Scaling factor for surface tension in Reduced Units

GROMACS version: 2027.0-dev-20251202-15e0cf6836-unknown
GROMACS modification: No

I’m trying to replicate the results of the paper “Development and application of a particle-particle particle-mesh Ewald
method for dispersion interactions”. Here is a snippet of the details of the simulation I am trying to replicate :

“The Lennard-Jones simulations were performed in a box
with volume 11.01 × 11.01 × 176.16σ^3 and 4000 particles
that were placed randomly in a subvolume at the center of
the box. After minimization using a soft potential, the system
was equilibrated for 100 000
√ timesteps.
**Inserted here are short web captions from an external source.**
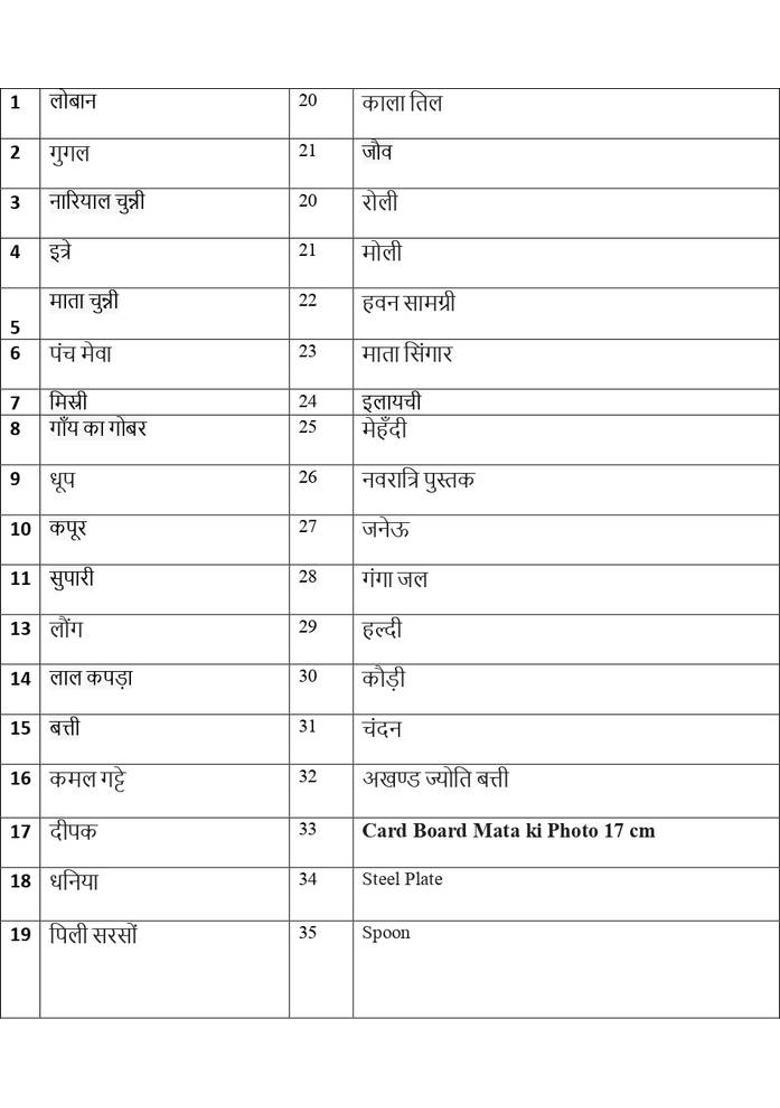 KAVIM Navratri Puja samagri kit, Mata photo n steel plate (35 Pieces) Prayer Kit - Indya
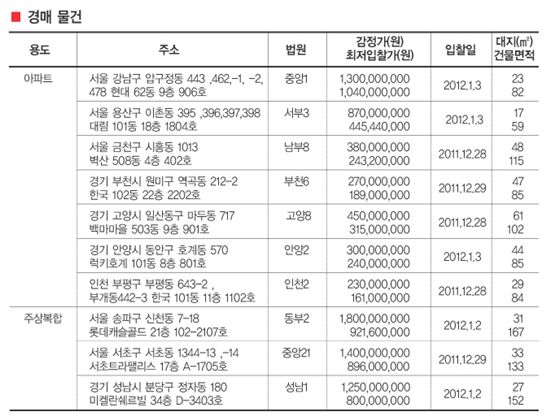 금주의 아파트 분양 체크 포인트/경매 체크 포인트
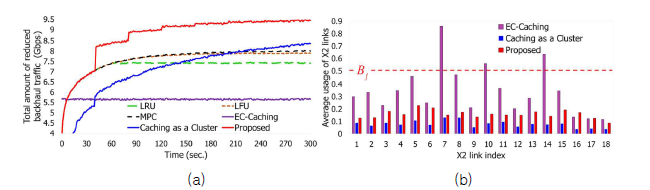 비교 알고리즘과 성능 비교: (a) 백홀 트래픽 감소량, (b) X2 링크 사용량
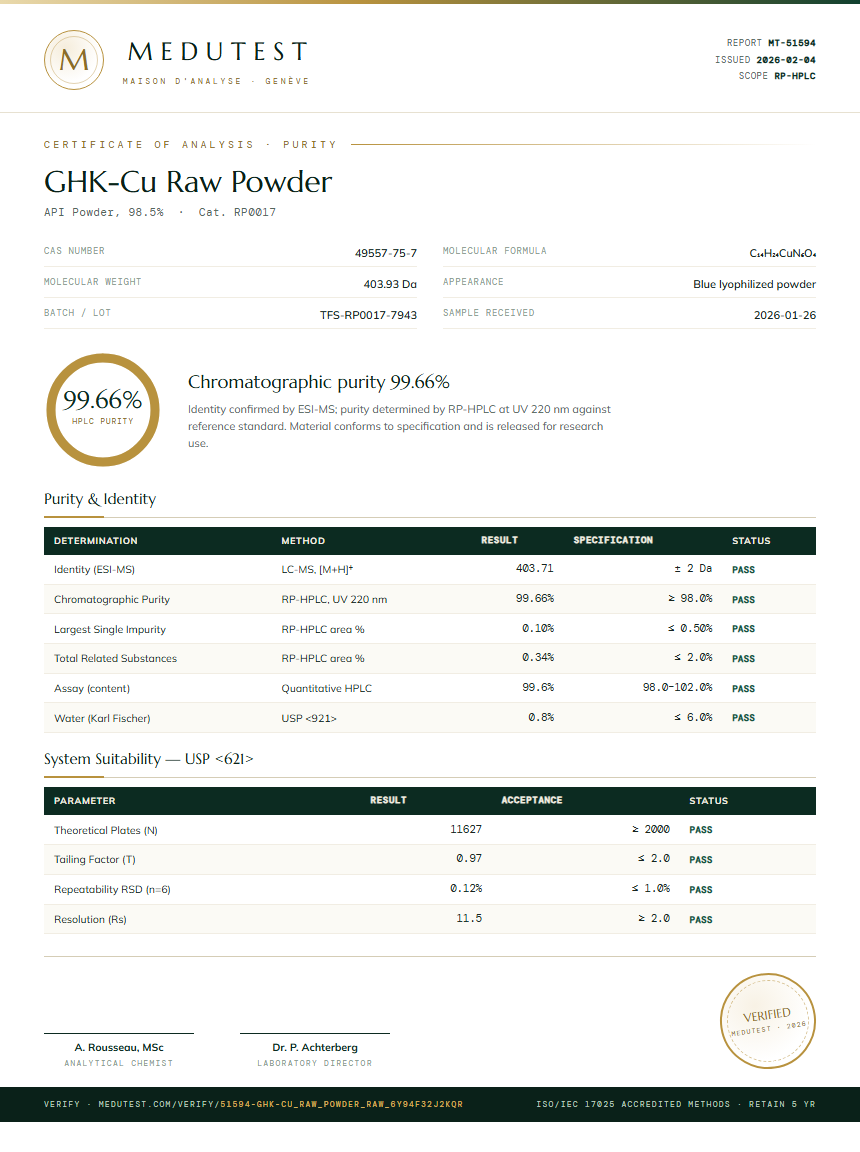 GHK-Cu Raw Powder Purity (HPLC) report by Medutest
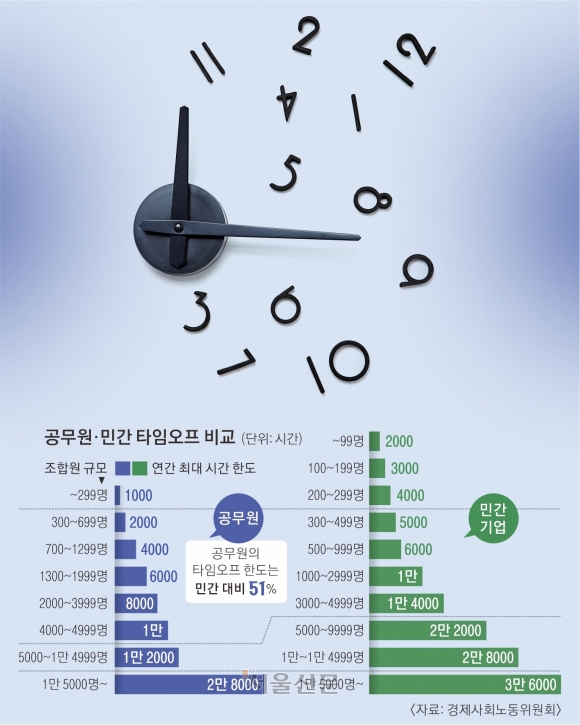 “사기업과 달라야” “교섭 제약 많아”… 소송 간 공무원 타임오프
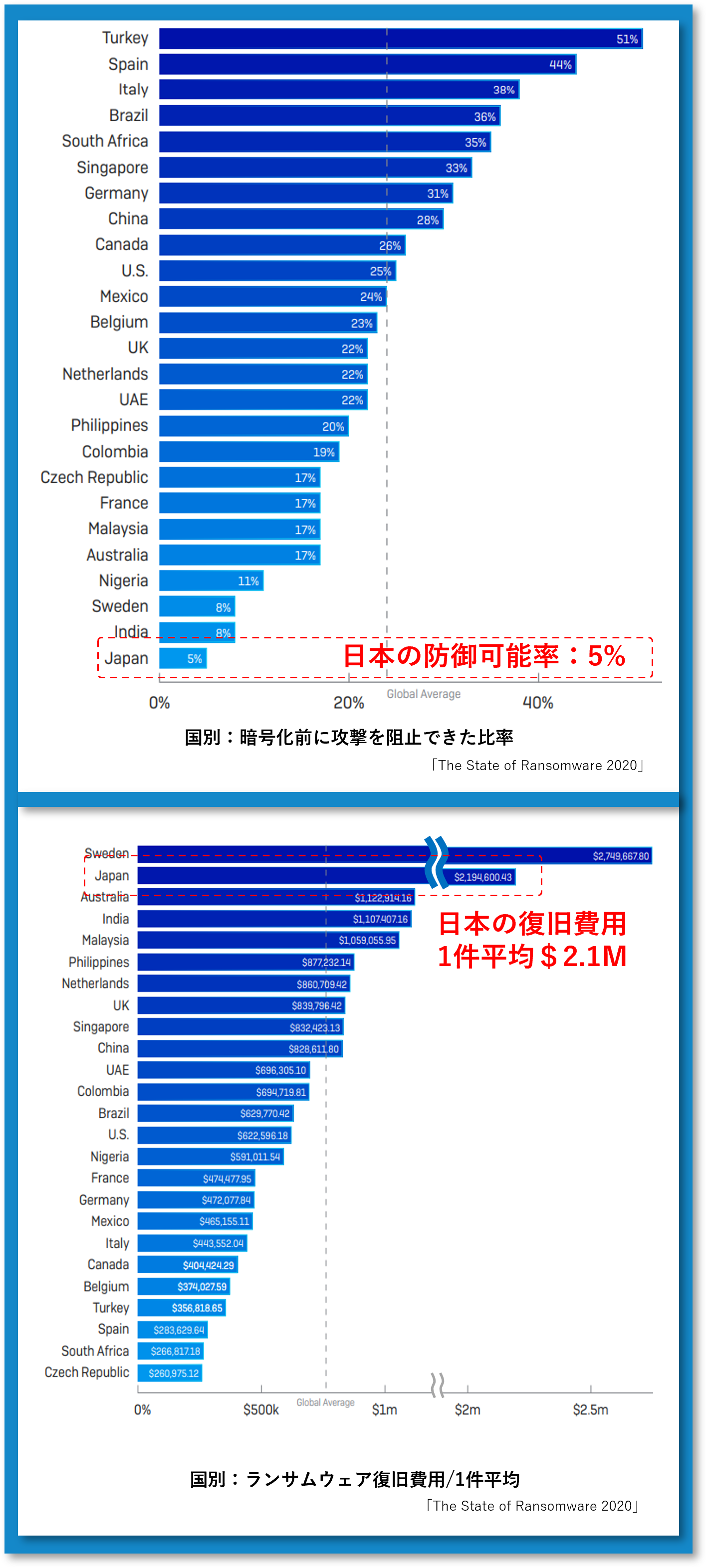日本防御可能率:5%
The timestep was set
to 0.005 τ , where τ = σ m/. Simulations were executed
at reduced temperatures T = kB T/ ∈ {0.7, 0.85, 1.1, 1.2}
using a Nosé-Hoover39 thermostat with damping factor 10 τ. …
In simulations with the
dispersion PPPM we used cutoffs of 3σ , 4σ , and 5σ . We used
P = 5, β = 0.9σ −1 and a grid with 9 × 9 × 144 mesh points”

I think gromacs uses SPME instead of PPPM, so I just used those parameters for SPME instead. I calculated the necessary ewald-rtol-lj (0.11948574141923778) that corresponds to beta of 0.9. As the manual says, for reduced units, I used sigma = 1 nm, epsilon = 1 kJ / mol, m = 1 amu, and to simulate a reduced temperature of 0.7, I used T = 120.272 36 * 0.7 = 84.190652.

I did not use soft potential to reduce it but using packmol I was able to set the tolerance (1 nm) such that normal minimization worked without errors or clashing. I then proceeded to perform all the simulations and tried to calculate the surface tension on my own. I extracted surface tension values from the energy files.

Since surface tension has pressure values multiplied in units of bar, I converted that to amu / (nm * ps^2), the scaling factor I got was 0.06022140640952086 [ (1e-9 . 1e-12 . 1e-5) / (1.6605391 . 1e-27) ].

I am attaching a python script and the last few lines of the surface tension xvg file that I obtained from the simulation. My only concern is that the final value of the surface tension I obtained is on a different scale than what the paper reports (Simulation value : 979.9390508365599, paper value: 0.588).

Am I missing a scaling factor in my calculations?

Any help would be greatly appreciated. Thanks!